Gather the lines below that include the string "with", copying each in full.

Top of Data for review

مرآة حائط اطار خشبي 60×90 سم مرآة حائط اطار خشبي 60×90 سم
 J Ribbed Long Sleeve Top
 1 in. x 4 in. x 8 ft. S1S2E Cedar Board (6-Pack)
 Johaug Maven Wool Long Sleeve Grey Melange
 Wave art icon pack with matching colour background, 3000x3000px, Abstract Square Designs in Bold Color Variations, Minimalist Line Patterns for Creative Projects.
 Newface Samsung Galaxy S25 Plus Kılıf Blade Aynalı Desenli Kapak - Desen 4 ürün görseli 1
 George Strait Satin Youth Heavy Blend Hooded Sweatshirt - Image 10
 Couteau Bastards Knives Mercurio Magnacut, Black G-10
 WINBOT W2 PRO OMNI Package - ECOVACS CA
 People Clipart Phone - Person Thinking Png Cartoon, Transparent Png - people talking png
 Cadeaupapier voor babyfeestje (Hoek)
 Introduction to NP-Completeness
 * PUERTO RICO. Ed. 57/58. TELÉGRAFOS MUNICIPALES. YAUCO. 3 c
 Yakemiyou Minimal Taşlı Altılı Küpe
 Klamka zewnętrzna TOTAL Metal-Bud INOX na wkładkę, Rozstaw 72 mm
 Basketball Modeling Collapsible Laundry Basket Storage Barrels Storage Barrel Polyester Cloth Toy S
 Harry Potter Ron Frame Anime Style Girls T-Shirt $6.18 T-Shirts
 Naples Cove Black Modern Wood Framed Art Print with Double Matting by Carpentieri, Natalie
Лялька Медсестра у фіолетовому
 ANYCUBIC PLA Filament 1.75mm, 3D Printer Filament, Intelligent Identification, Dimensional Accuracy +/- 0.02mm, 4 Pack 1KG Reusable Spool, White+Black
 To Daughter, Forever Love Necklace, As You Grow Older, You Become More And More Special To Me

Bottom of Data for review

:: Answer to the exercise ::
 Wave art icon pack with matching colour background, 3000x3000px, Abstract Square Designs in Bold Color Variations, Minimalist Line Patterns for Creative Projects.
 Naples Cove Black Modern Wood Framed Art Print with Double Matting by Carpentieri, Natalie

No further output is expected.